#### Assignment
From the line containing "Purple Chem Classic Cuts | Flower | 3.5g" to the end of the data, retype every line exactly and nothing else. Drop the pictures.

#### Stored records
————————
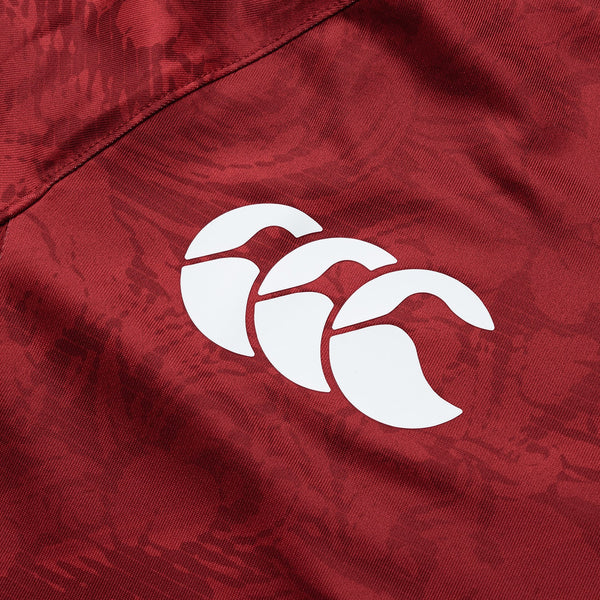British & Irish Lions - S. Light tee - Red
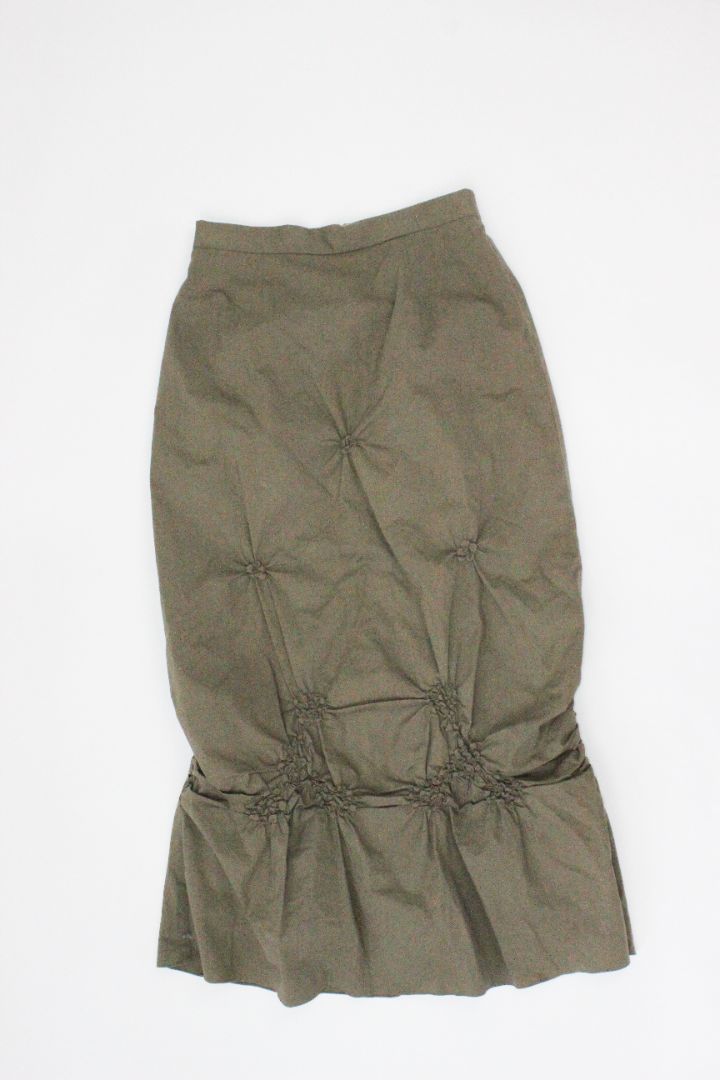 MIDI SKIRT, VINTAGE, 10
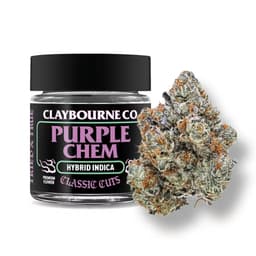 Purple Chem Classic Cuts | Flower | 3.5g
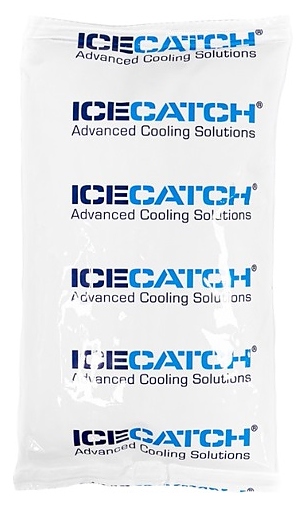 Хладоаккумулятор гелевый Eutecma ICECATCH Gelpack 0,69 кг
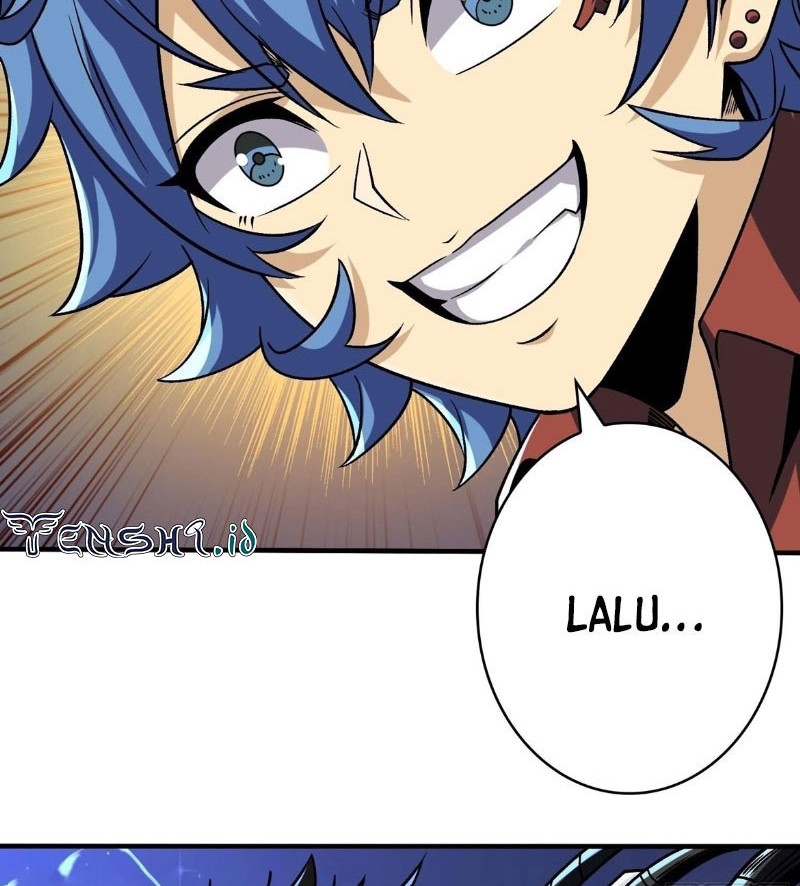 King Account At The Start chapter 243 halaman 9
————————
#### Exercise solution
 Purple Chem Classic Cuts | Flower | 3.5g
 Хладоаккумулятор гелевый Eutecma ICECATCH Gelpack 0,69 кг
 King Account At The Start chapter 243 halaman 9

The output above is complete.